A trama é protagonizada por Eva (Grazi Massafera), prestes a ter seu primeiro filho com o marido, Vicente (Reynaldo Gianecchini), que tem duas filhas de um casamento anterior. Cuidando do recém nascido e também das duas enteadas, Eva começa a se sentir sozinha em casa e o cansaço de fazer tudo sozinha começa a afetá-la. Ao mesmo tempo seu bebê e as duas enteadas começam a exibir machucados desconhecidos, que Eva não sabe como explicar e Vicente começa a desconfiar dela.
A história explora como o cuidado do lar e dos filhos é todo colocado como responsabilidade da mulher e como cabe ao marido “ajudar” de tempos em tempos ao invés de ser um parceiro que divide as tarefas. Vicente chega a falar na frente da família que a esposa “não trabalha” como se cuidar de uma casa, um recém nascido e duas meninas não fosse algo trabalhoso e que não demandasse esforço e atenção.
É curioso como a câmera de Belmonte muitas vezes filma Eva entre frestas, observando de canto de portas, como se ela fosse uma intrusa ou uma empregada da própria casa, ausente de si mesma e existindo para cuidar daquele local. Os constantes closes fechados no rosto da criam uma sensação de um ambiente opressivo, com demandas sempre se impondo sem dar respiro para Eva. Isso é ampliado pelo som que traz os constantes choros do recém-nascido, sempre nos mantendo alertas a essas demandas.
A existência de dona de casa é filmada como um filme de horror por Belmonte, alguém deixada de lado e subestimada pela própria família. Isso fica evidente na cena em que Vicente prepara café da manhã com as filhas quando Eva está fora de casa, contrastando com um momento do início em que Eva faz tudo sozinha sem que ninguém a ajude. É como se Vicente e as filhas vissem Eva como uma empregada, alguém cuja obrigação é atender sozinha as necessidades da família.
A tensão também é construída com habilidade, muitas vezes recorrendo a desequilíbrios entre a informação do público e os personagens.
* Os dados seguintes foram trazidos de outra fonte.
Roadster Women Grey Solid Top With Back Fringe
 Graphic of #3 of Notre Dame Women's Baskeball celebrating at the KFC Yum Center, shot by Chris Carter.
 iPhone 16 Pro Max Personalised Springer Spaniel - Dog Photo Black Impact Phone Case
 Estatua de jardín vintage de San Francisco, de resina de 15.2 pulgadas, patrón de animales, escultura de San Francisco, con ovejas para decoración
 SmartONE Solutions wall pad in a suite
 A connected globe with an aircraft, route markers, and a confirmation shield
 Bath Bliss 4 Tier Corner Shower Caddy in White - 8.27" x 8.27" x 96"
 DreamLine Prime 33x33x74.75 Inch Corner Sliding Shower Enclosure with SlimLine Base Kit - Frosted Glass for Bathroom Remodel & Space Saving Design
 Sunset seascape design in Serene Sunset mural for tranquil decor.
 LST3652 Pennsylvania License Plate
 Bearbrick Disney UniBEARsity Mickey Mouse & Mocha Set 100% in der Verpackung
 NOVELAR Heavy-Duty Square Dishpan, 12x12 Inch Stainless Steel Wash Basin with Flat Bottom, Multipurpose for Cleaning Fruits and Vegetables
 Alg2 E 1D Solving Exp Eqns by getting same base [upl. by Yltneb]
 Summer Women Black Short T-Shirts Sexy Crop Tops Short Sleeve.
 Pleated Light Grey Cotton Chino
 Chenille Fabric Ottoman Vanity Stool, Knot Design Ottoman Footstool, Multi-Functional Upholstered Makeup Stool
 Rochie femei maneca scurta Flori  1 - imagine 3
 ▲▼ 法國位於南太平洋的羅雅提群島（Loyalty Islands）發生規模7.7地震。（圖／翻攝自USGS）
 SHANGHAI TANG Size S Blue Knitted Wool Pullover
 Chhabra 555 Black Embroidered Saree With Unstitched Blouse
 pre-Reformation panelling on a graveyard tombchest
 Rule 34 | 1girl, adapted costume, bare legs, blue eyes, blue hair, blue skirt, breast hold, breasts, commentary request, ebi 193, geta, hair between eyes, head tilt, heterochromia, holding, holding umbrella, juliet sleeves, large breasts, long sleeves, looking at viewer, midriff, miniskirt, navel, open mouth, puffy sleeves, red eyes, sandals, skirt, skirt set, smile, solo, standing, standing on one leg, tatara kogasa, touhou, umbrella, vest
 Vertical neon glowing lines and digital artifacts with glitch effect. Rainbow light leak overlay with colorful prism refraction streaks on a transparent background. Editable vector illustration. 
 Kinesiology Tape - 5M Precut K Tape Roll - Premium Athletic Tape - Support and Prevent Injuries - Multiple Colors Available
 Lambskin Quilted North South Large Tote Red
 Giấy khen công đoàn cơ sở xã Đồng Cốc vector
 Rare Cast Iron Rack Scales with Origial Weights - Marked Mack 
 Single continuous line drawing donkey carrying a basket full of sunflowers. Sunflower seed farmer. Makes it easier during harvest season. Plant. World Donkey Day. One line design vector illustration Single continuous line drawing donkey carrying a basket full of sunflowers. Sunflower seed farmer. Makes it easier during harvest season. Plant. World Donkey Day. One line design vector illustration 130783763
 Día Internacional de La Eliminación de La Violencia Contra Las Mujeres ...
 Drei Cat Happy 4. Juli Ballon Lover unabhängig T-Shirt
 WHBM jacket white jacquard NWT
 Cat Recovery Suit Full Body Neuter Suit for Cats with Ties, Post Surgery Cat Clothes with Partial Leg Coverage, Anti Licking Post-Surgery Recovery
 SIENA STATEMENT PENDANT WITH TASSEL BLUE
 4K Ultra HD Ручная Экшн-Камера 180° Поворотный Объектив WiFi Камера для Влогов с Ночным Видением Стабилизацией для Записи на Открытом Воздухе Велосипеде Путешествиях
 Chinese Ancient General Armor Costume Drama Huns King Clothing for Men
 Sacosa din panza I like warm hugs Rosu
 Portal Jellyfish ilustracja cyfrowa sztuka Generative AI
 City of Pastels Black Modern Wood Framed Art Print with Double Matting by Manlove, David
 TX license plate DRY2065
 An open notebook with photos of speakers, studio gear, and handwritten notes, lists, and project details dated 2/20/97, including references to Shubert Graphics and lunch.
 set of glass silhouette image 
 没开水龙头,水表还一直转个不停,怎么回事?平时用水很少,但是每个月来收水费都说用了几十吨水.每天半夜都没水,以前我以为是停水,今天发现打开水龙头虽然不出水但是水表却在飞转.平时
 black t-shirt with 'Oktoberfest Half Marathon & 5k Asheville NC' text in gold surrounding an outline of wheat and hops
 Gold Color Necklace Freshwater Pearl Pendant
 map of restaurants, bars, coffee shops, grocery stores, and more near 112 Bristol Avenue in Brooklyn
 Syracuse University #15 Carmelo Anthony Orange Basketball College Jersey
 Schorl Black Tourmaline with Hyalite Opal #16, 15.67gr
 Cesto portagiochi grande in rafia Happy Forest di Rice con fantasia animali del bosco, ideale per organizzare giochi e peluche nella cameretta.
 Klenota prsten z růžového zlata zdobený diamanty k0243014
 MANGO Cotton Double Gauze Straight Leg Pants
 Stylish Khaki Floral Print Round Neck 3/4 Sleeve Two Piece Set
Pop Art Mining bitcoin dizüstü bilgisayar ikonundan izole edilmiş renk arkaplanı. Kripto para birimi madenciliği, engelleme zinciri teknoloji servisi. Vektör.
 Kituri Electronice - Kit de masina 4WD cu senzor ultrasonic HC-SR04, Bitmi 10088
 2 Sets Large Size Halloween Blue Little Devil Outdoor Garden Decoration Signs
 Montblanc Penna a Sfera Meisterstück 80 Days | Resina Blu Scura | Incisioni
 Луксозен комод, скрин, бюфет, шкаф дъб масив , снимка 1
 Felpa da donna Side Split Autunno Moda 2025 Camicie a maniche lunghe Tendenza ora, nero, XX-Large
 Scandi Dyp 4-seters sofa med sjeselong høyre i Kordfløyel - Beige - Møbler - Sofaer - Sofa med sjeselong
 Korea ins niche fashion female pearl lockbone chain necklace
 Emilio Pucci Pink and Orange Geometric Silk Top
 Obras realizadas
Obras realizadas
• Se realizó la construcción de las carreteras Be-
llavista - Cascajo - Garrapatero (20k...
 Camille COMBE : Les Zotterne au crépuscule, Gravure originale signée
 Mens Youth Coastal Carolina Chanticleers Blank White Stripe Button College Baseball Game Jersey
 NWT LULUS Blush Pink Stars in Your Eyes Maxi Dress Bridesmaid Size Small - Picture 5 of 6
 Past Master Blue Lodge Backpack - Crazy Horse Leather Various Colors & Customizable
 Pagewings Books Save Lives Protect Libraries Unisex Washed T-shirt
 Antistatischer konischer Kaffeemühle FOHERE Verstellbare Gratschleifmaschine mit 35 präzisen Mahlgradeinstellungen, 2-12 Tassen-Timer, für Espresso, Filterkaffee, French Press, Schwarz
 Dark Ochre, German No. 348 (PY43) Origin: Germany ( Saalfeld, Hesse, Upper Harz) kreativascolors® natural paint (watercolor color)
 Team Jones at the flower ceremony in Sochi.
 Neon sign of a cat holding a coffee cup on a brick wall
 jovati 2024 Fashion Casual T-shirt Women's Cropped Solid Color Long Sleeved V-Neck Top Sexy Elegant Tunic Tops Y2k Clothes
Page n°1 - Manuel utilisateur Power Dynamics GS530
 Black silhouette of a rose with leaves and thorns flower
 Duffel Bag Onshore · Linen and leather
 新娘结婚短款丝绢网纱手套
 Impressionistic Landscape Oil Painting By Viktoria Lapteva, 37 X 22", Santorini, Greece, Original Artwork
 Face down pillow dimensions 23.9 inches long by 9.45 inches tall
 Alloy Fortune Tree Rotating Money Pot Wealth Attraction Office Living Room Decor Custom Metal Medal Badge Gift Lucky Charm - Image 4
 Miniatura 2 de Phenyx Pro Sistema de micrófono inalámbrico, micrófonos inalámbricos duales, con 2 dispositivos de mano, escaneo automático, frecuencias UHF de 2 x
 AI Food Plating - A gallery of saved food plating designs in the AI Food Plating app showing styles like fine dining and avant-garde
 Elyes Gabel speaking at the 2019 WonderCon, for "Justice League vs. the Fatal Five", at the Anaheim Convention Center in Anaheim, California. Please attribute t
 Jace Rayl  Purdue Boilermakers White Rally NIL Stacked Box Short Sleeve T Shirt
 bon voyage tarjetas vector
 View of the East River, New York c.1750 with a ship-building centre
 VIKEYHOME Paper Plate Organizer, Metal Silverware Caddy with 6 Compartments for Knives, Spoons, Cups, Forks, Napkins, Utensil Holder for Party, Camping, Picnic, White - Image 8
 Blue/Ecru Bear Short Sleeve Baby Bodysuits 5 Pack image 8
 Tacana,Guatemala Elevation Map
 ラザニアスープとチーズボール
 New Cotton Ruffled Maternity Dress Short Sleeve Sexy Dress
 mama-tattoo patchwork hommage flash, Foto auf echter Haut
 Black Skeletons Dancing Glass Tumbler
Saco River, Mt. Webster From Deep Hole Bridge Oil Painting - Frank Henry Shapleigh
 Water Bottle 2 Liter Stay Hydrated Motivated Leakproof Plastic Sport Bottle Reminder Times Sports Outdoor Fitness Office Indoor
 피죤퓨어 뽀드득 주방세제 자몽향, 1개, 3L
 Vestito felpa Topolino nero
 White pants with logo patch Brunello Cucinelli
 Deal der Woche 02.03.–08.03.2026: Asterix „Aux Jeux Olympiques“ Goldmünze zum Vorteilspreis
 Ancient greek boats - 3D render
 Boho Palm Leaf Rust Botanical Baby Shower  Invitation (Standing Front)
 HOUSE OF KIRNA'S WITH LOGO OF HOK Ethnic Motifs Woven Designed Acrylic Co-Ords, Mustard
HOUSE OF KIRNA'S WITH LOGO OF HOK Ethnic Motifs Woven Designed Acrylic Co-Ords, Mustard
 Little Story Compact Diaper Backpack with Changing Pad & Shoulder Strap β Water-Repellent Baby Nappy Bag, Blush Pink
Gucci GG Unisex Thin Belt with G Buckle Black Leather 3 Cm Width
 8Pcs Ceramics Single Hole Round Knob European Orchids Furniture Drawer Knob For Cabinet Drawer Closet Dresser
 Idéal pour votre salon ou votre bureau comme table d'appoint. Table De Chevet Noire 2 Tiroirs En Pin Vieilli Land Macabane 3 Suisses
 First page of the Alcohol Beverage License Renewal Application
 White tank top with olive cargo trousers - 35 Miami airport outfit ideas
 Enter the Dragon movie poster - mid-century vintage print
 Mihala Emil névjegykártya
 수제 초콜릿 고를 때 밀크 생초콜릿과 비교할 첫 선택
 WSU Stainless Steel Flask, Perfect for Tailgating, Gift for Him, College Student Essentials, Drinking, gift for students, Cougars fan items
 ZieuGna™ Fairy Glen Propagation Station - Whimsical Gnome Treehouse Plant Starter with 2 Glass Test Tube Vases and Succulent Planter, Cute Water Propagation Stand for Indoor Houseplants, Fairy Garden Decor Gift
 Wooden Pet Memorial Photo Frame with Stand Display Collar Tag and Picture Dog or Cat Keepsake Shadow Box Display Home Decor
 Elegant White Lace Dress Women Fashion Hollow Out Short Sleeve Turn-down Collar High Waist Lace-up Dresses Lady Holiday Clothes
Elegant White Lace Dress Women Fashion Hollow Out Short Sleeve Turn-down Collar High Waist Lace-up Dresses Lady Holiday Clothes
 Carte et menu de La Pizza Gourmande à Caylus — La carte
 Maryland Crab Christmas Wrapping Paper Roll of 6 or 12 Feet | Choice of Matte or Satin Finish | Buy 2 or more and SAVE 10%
Em uma cena, Eva invade a casa de Vicente para plantar câmeras e enquanto ela faz isso, a câmera corta para ele chegando em casa com as filhas. Vicente para diante da porta para conversar com as meninas enquanto a câmera faz um movimento vertical para mostrar Eva através da janela do segundo andar, alheia à chegada do marido. A tensão se dá justamente porque nós temos ciência de uma ameaça que se aproxima para frustrar os planos da protagonista enquanto ela segue alheia a esse perigo.
Grazi é eficiente em construir o desespero silencioso de Eva, alguém soterrada de demandas, sempre menosprezada e julgada, constantemente tratada como culpada quando algo da errado, quase que deliberadamente empurrada à loucura pelas estruturas machistas ao seu redor que sempre responsabilizam a mãe por qualquer problema. Se todo o arco da personagem parece envolver uma discussão sobre como o machismo destrói o psicológico da mulher, tudo cai por terra quando o filme chega em seu clímax.
É impossível falar dos problemas que a reviravolta final traz sem citá-la diretamente então aviso que os parágrafos a seguir contem SPOILERS. A descoberta do real culpado pelos ferimentos misteriosos no bebê de Eva e em suas enteadas desloca toda a temática do filme de questões de machismo para se tornar uma narrativa sobre crianças psicopatas, sendo que nada disso foi devidamente construído. Sim, temos algumas pistas, como a morte misteriosa da primeira filha de Vicente da qual ele se recusa a falar, mas é muito pouco para uma guinada tão radical em relação às ideias que o filme trabalhava.
A revelação faz toda a conversa sobre machismo não ir para lugar nenhum ou fazer muita diferença na narrativa, já que a ruína de Eva não vem do machismo ou do lugar ao qual as mulheres são relegadas pela sociedade e sim por uma psicopata infantil aleatória. A reviravolta poderia funcionar se o filme construísse a relação de Vicente com a garota, mostrando que ele sabia das tendências da filha, mas se manteve em silêncio por conta de alguma ideia deturpada de amor parental para proteger a filha e resolvesse armar tudo para Eva, aproveitando que nosso machismo estrutural tornaria fácil acreditar na narrativa construída por ele. Como o desfecho tem pouca relação com o que foi desenvolvido até então, a discussão sobre machismo acaba soando mais como um dispositivo narrativo para despistar o espectador em relação ao que realmente acontecia do que uma temática que o filme tem interesse em discutir.
Eu queria ter gostado de Uma
Família Feliz devido ao modo como a direção de Belmonte constrói a
atmosfera de suspense e da performance da protagonista, mas o desfecho sabota
toda a construção feita até então, fazendo toda a discussão sobre machismo e patriarcado
não ir a lugar nenhum, soando como uma oportunidade desperdiçada.